Most employees in Australia are members of superannuation funds and many members are insured against becoming totally and permanently disabled and, in some instances, against becoming temporary disabled.

If a member’s claim for payment of a disability benefit is refused by the trustee of the superannuation fund and/or by the fund’s insurer, what are the principles that determine whether the trustee and insurer have properly carried out their responsibilities in considering the claim and declining to pay it? If the decision has not been properly made, it can be disputed either by making a complaint to the Australian Financial Complaints Authority or by commencing proceedings against the trustee and, possibly, the insurer in the Supreme Court.
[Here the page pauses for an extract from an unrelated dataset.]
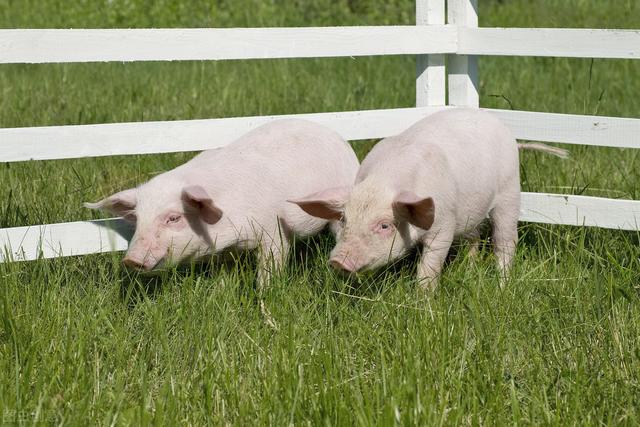 夏季养猪巧用青饲料，成本低，发育好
The following is a brief summary of the key principles that should be applied in reaching a decision to decline the claim.
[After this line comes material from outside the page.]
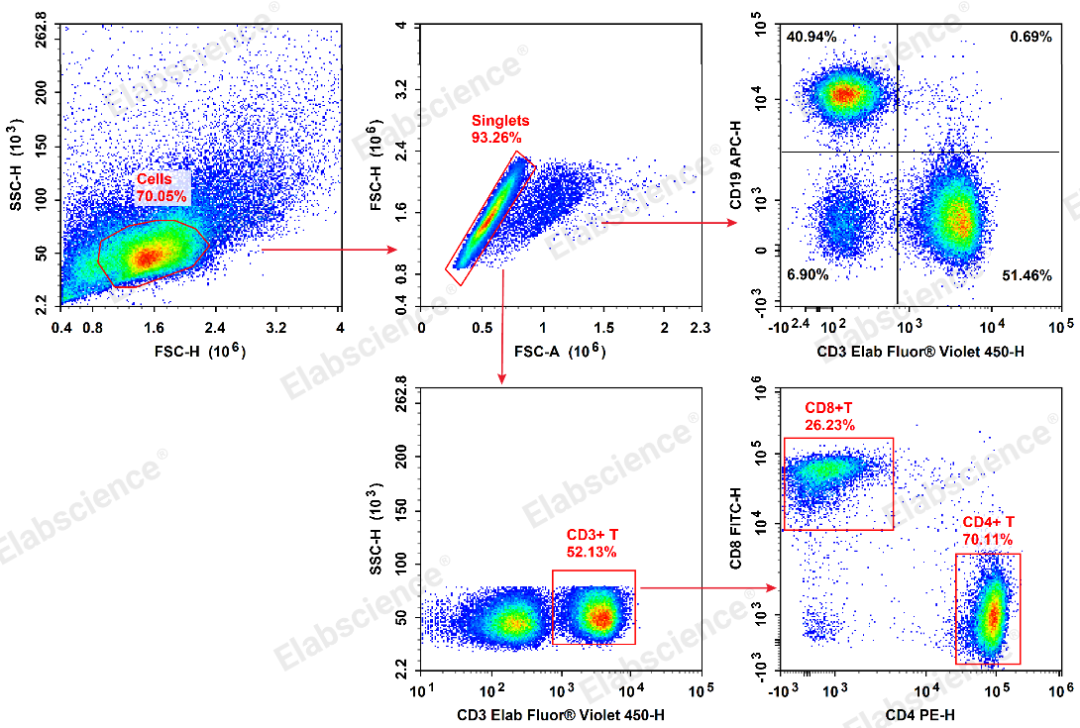 小鼠淋巴结T/B细胞（4色）检测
Acting in the member’s best interests

A key point for a trustee to take into account in determining a disability claim is that a trustee owes a fiduciary duty to the member and is obliged, therefore, to act in the interests of the member (as well as the other members) in reaching its decision (Maciejewski v Telstra Super Pty Ltd (1998) 44 NSWLR 601).

The member must be given an opportunity to respond to any adverse medical reports (Hannover Life Re of Australasia Ltd v Sayseng (2005) 13 ANZ Ins Cas 90-123; [2005] NSWCA 214 and Wheeler v FSS Trustee Corporation as trustee for the First State Superannuation Scheme [2016] NSWSC 534). This will ordinarily require that the member be given the adverse reports and be told that contrary medical evidence can be submitted (Honey v McLennan (1997) 18 WAR 384).

Giving properly informed consideration to the claim

In considering a disability claim, a trustee has an obligation to make all of the relevant and appropriate enquiries and to take into account all relevant information in making its decision (Finch v Telstra Super Pty Ltd (2010) 242 CLR 254; [2010] HCA 36 at [66]). In Finch, the High Court also said (at [30]) that whether a member has an entitlement to a total and permanent disablement benefit does not involve the exercise of a discretionary power by a trustee. Rather, it involves the performance of a trust duty to establish whether the member’s circumstances satisfy the factual conditions that have to be met to be entitled to be paid a benefit.